I’ve discussed supply chain development with hundreds of supply chain professionals. The most common remark I hear is: “Other sectors are much easier. Our supply chain is especially difficult.” Furniture sector companies highlight the challenges of low and lumpy demand, food sector companies the high volumes and spoilage risks, electronics companies lose sleep over short product life-cycles and the kind of rapid changes in trends and demand one might associate with the fashion industry. But, if it makes you feel any better, I can assure you that everyone has it tough.
Other sectors are much easier. Our supply chain is especially difficult.
The challenges vary, but the nature of competition means that in any industry where forecasting or supply chain management are a bit easier, the bar for accuracy rises accordingly. I’m not the first in the supply chain field to pick up on this fact of life. Marshall Fisher’s “What is the right supply chain for your product?” still gives the best overview of the various supply chain challenges faced by different business sectors (more on it here).

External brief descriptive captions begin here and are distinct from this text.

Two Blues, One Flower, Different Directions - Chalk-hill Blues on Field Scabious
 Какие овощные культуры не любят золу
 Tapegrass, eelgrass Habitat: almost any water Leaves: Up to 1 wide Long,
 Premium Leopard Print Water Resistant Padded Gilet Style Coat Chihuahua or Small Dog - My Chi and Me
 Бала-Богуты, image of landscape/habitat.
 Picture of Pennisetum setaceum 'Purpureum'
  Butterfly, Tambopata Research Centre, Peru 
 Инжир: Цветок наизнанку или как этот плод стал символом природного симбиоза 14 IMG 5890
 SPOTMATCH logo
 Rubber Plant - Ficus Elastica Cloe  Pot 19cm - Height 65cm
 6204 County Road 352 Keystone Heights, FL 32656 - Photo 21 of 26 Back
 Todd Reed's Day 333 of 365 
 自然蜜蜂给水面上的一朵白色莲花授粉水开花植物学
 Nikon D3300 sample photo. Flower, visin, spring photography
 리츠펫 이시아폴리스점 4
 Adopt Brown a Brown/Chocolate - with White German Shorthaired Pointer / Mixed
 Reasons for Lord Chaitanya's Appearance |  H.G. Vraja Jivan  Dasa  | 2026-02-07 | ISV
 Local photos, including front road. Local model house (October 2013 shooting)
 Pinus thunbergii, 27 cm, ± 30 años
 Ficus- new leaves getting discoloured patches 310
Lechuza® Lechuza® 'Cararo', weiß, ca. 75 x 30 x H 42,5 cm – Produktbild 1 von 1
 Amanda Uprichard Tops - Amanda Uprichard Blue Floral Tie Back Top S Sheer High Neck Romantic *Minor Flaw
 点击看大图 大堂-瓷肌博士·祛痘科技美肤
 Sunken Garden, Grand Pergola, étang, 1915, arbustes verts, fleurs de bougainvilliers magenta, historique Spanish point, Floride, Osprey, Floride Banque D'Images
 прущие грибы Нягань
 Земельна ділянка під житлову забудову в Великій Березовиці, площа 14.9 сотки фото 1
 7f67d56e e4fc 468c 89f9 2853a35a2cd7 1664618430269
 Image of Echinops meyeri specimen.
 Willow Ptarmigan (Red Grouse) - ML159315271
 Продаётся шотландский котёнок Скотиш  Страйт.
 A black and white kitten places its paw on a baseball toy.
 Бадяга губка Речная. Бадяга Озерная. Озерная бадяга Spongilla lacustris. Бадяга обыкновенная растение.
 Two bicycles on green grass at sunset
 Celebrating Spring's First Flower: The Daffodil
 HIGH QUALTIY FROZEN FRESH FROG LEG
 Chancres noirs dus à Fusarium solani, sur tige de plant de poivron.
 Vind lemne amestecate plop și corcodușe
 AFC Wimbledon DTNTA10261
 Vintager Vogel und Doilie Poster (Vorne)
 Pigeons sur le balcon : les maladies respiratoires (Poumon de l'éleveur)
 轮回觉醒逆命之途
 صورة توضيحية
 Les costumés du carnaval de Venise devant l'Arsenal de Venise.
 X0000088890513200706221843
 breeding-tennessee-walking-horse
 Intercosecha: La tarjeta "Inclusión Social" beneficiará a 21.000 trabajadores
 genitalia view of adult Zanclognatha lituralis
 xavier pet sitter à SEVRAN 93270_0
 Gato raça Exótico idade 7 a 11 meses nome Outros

To be fair not everyone thinks they have it more difficult than their opposite numbers in other areas. One particular supply chain director once confided to me: “This retail supply chain is so easy; you order and deliver the same goods, you just have to do the planning right”. This guy had moved into retail from shipbuilding, and considered the challenges retail supply chain managers faced rather more straightforward than managing the network of hundreds of interlinked subcontractors delivering the one-of–a-kind projects he’d overseen before. You see, there’s always someone worse off than yourself!
This retail supply chain is so easy; you order and deliver the same goods, you just have to do the planning right.